■ RECORDS FOR THIS EXERCISE
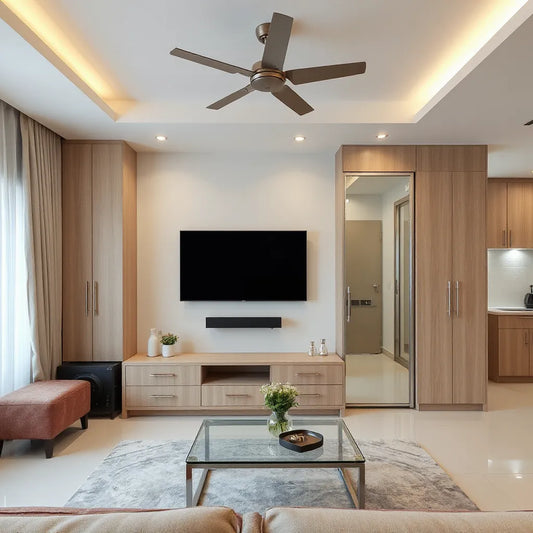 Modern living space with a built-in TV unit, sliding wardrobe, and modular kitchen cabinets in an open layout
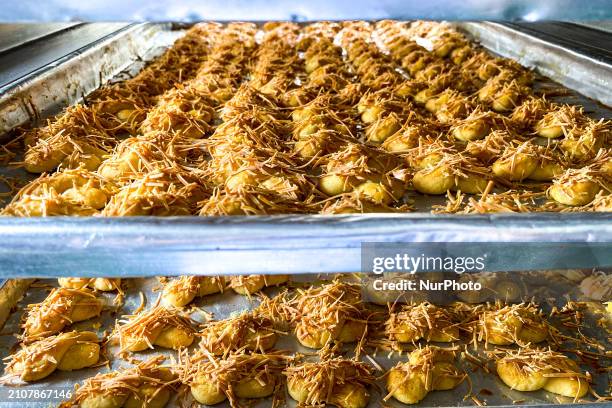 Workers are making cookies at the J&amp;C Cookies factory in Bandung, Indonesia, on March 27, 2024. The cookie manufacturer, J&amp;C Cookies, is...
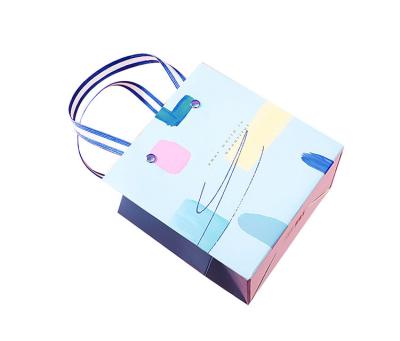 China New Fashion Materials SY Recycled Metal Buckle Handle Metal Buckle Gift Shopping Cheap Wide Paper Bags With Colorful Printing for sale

---

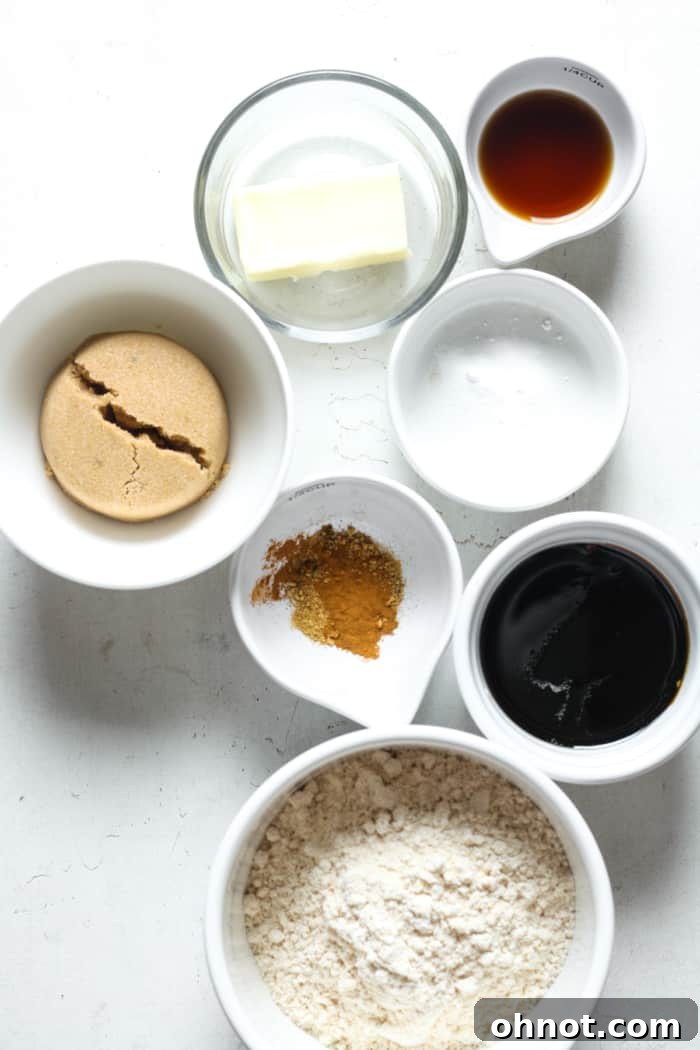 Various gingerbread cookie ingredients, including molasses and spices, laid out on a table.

--

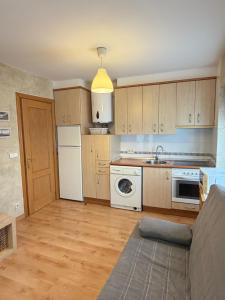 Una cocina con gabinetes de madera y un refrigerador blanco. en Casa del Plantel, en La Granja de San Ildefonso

■ TRY IT
Pictures aside, print exactly the lines above starting with the one containing "Modern living space" and going on through the one containing "China New Fashion".

■ ANSWER SPACE
 Modern living space with a built-in TV unit, sliding wardrobe, and modular kitchen cabinets in an open layout
 Workers are making cookies at the J&amp;C Cookies factory in Bandung, Indonesia, on March 27, 2024. The cookie manufacturer, J&amp;C Cookies, is...
 China New Fashion Materials SY Recycled Metal Buckle Handle Metal Buckle Gift Shopping Cheap Wide Paper Bags With Colorful Printing for sale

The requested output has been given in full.